• Raw data:
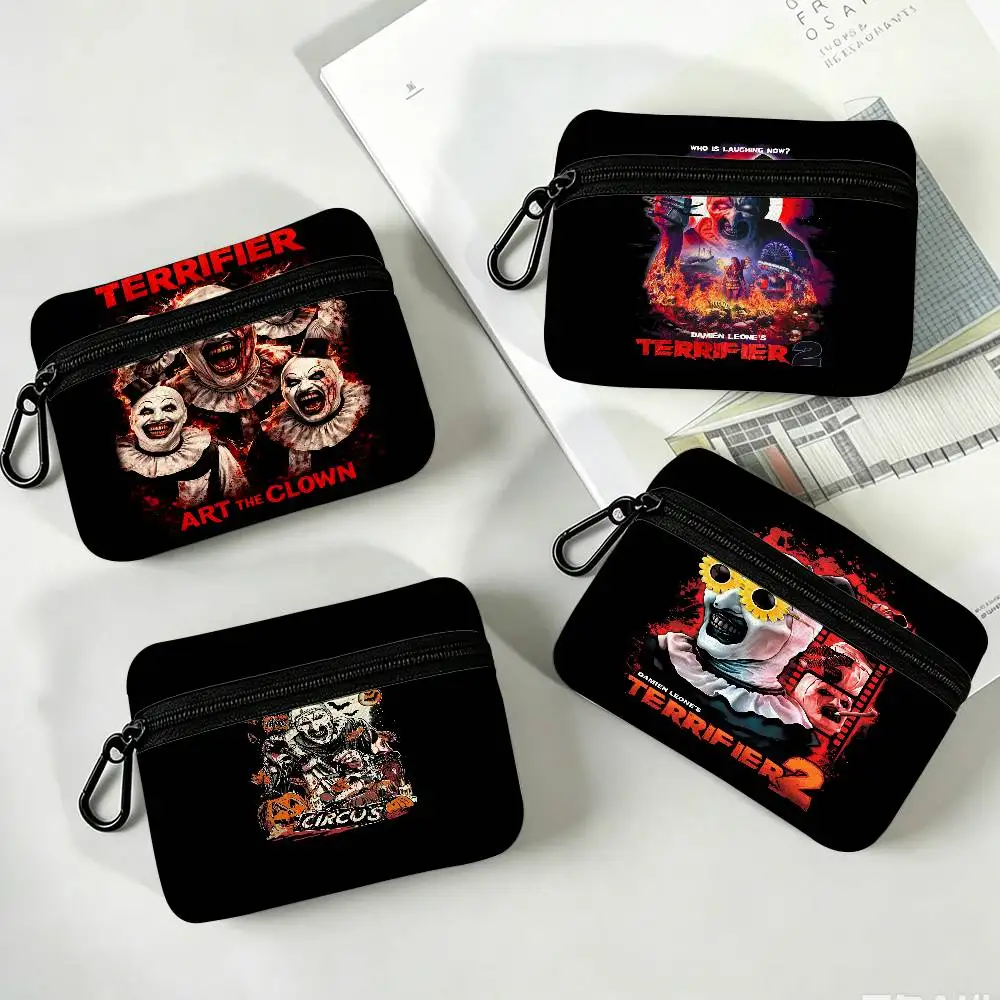 Horror Movie T-TERRIFIER Portable Oxford Cloth Coin Purse Alloy Carabiner Hook Small Zipper Pouch For Backpack Belt Daily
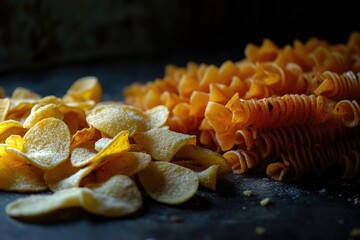 A close-up shot of a pile of potato chips on a table, perfect for food or snack related content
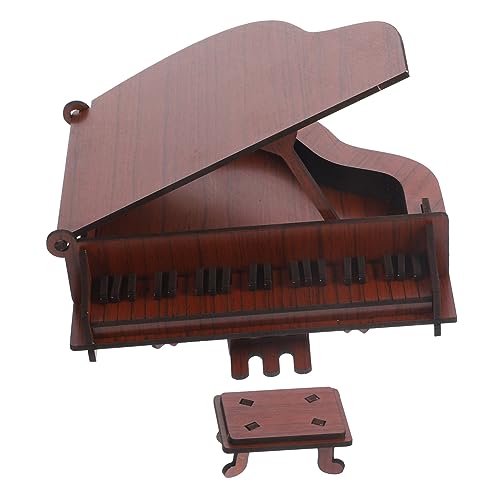 KICHOUSE 1 Set Dreidimensionales Puzzle Musikinstrumente Mini Puzzles Kinderklavier Kinderklavier Kinderspielzeug Klavier Für Kinderspielzeug Puzzle Versorgung Rotes Holz von KICHOUSE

• Exercise: Write out the material above exactly, and omit the pictures it holds.

• Solution for this exercise:
 Horror Movie T-TERRIFIER Portable Oxford Cloth Coin Purse Alloy Carabiner Hook Small Zipper Pouch For Backpack Belt Daily
 A close-up shot of a pile of potato chips on a table, perfect for food or snack related content
 KICHOUSE 1 Set Dreidimensionales Puzzle Musikinstrumente Mini Puzzles Kinderklavier Kinderklavier Kinderspielzeug Klavier Für Kinderspielzeug Puzzle Versorgung Rotes Holz von KICHOUSE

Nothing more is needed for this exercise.